Le premier concerne la procédure. “Ce serait probablement très long et il n’y a aucune certitude qu’elle aboutirait avant la prochaine élection, ce qui permettrait à Donald Trump de se représenter”, souligne Emma Long.
Ensuite, il y a tout un débat constitutionnel autour de ce texte. En effet, la même menace d’inéligibilité avait déjà été brandie en 2015 contre… Hillary Clinton. Les républicains, y compris Donald Trump, avaient assuré que la destruction par l’ancienne candidate démocrate d’emails qu’elle avait envoyés en tant que secrétaire d’État sous Barack Obama lui interdisait d’être candidate en raison de ce fameux article 18.
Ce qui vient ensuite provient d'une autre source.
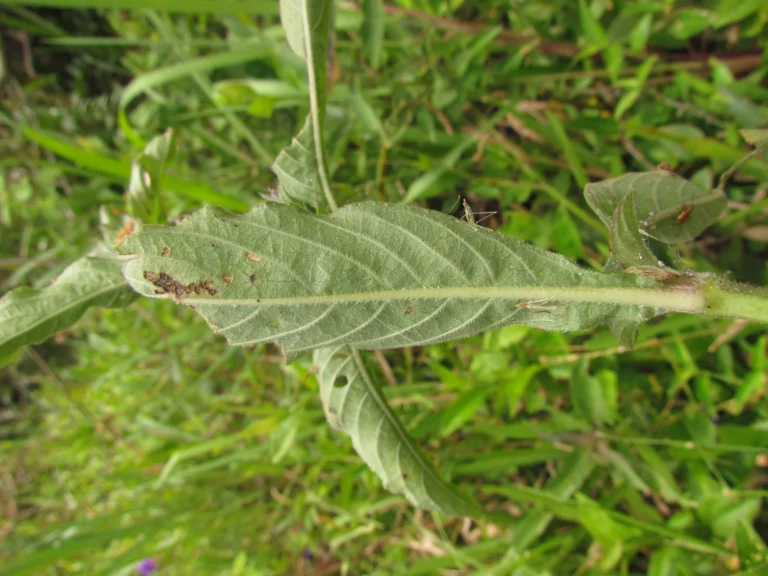 Higrophila costata (3)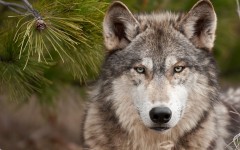 Desktop image. Animals. ID:35833
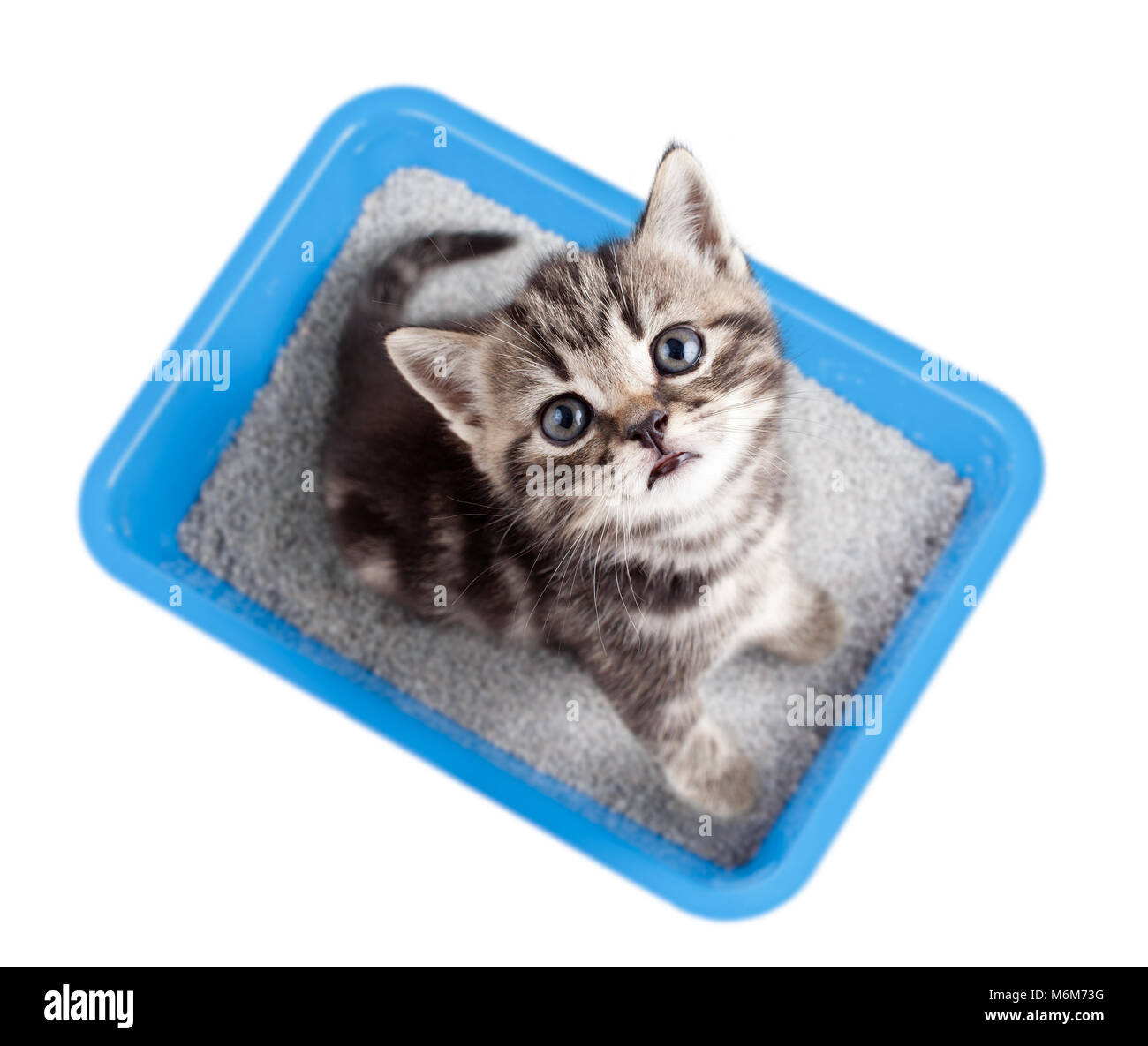 Cat top view sitting in litter box isolated Stock Photo Alamy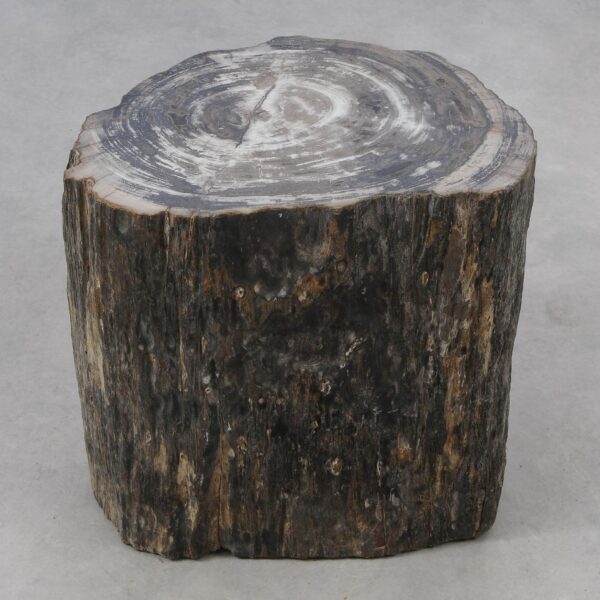 Side table petrified wood 51025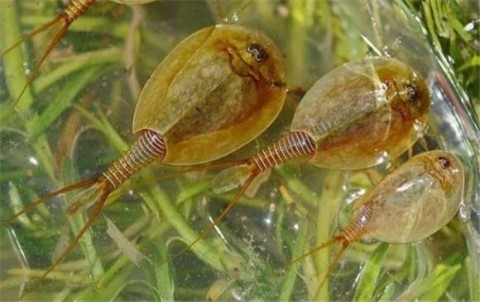 Is the sting of a horseshoe crab poisonous?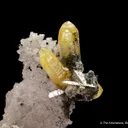 Mimetite on Cerussite - image 7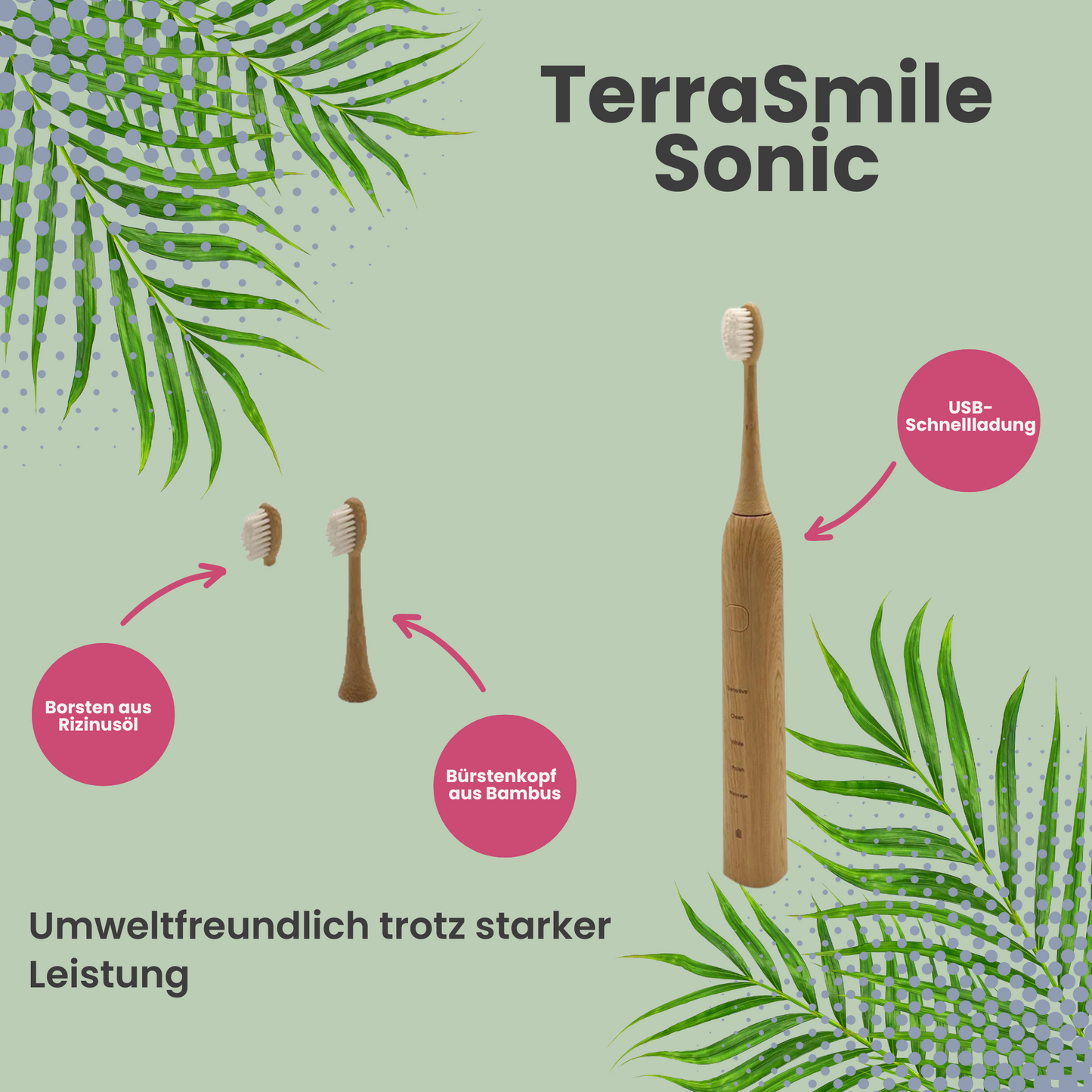 TerraSmile Sonic
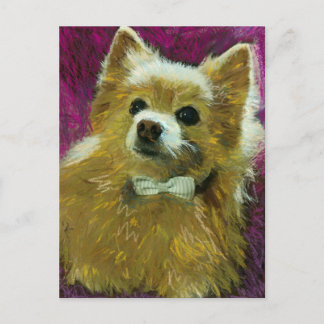 Cartão Postal Arco nº 2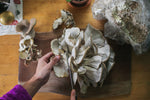 Cooking Mushrooms 101: To Dry Sauté or Not?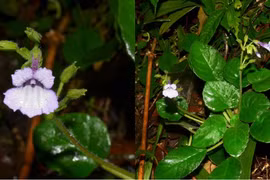 Ngắm loài hoa mỹ nhuỵ răng cưa quý hiếm chỉ có ở Việt Nam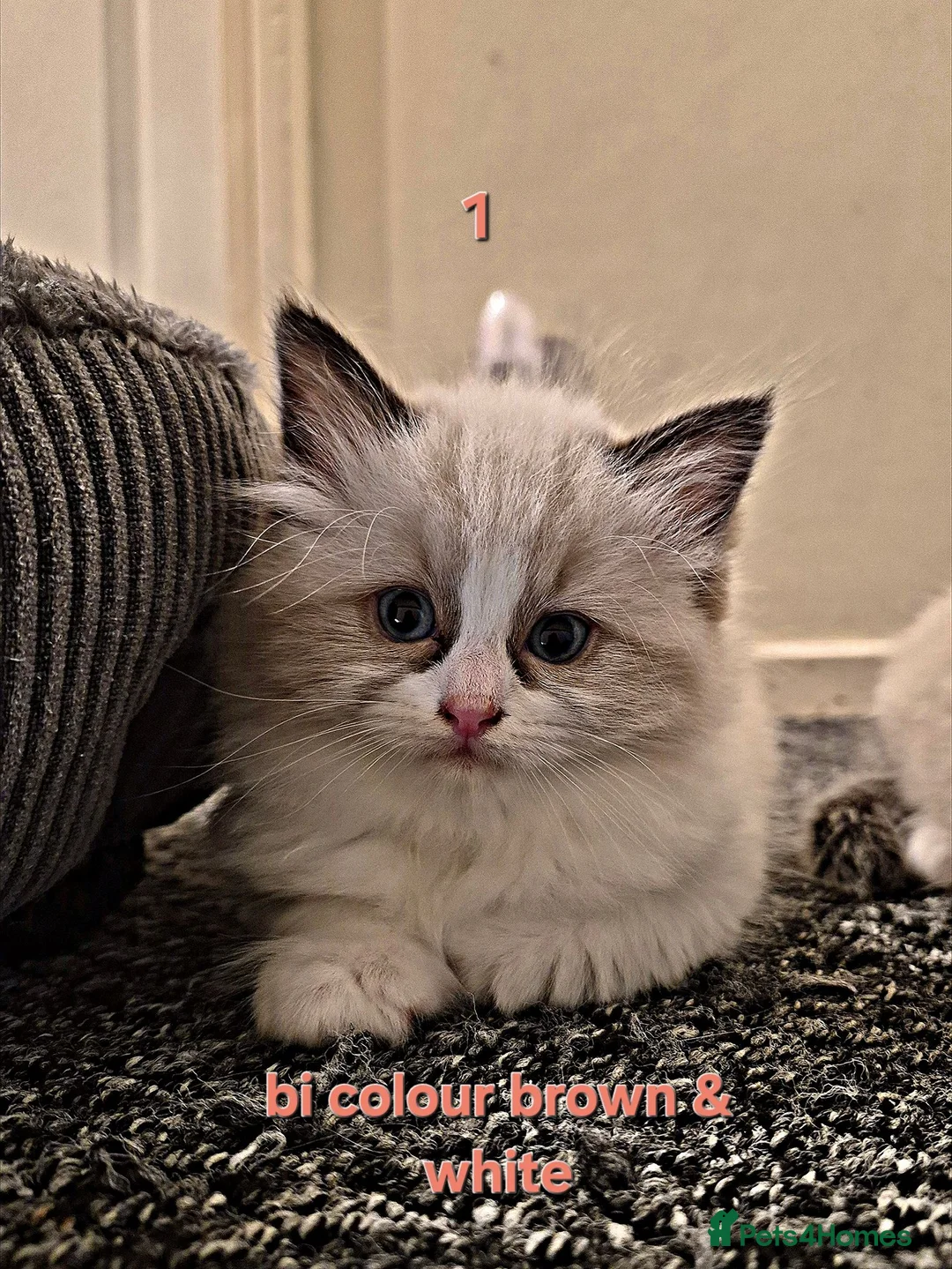 Ragdoll cats for sale: Purebreed Ragdolls - Advert 2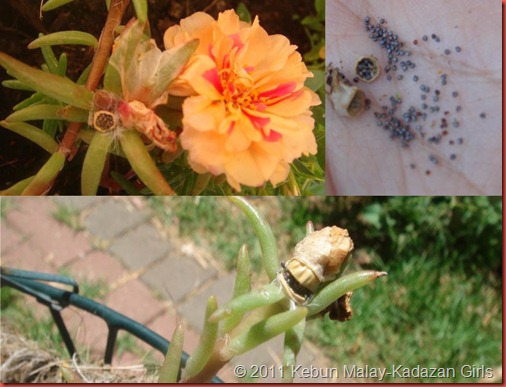 Sundial portulaca seed Sundial portulaca seed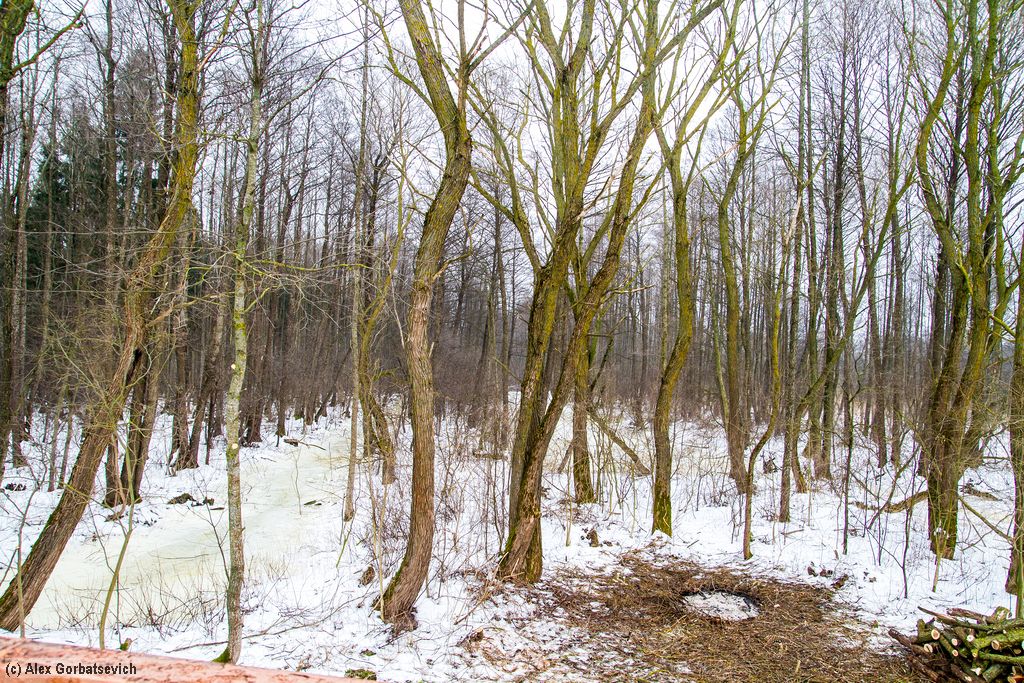 �� ������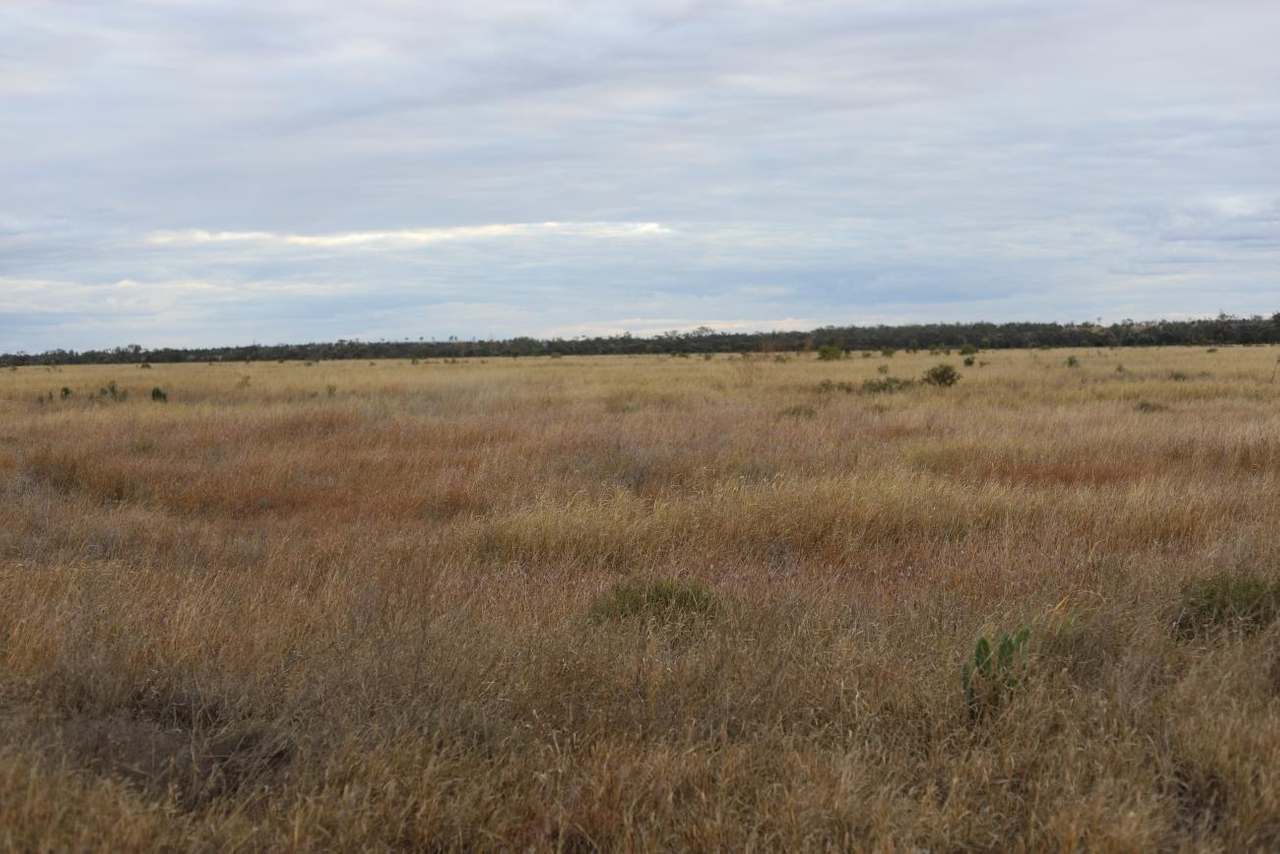 Oombabeer Road, Moura Auction by Farmbuy.com - image 7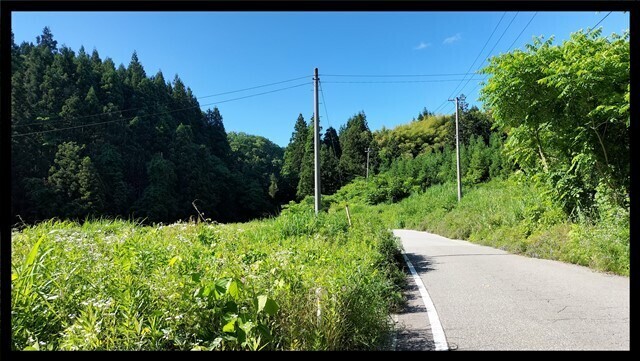 IMG20230619075938.jpg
À l’époque, de nombreux juristes américains avaient soutenu que ce texte s’appliquait à tous les postes du gouvernement sauf celui de président des États-Unis. En effet, la Constitution américaine fixe les conditions pour devenir président “et il n’est nulle part indiqué qu’il faut avoir un casier vierge ou ne pas avoir détruit de document classifié”, avait écrit Eugene Volokh, un constitutionnaliste américain.
Reste que cette question juridique n’a jamais été définitivement tranchée. Autrement dit, “il reviendrait à la Cour suprême de décider et je ne pense pas, au vu de sa couleur politique très à droite, qy’elle rendrait un jugement défavorable à Trump”, estime John Owens.
Il n’empêche que pour cet expert, toute nouvelle condamnation pourrait être la goutte qui fait déborder le vase pour Donald Trump. “Il est déjà affaibli par les auditions au sujet de l’assaut sur le Capitole, sa cote de popularité nationale est en baisse, et s’il venait à être reconnu coupable dans une autre affaire, cela pourrait sonner définitivement le glas de ses ambitions”, affirme John Owens.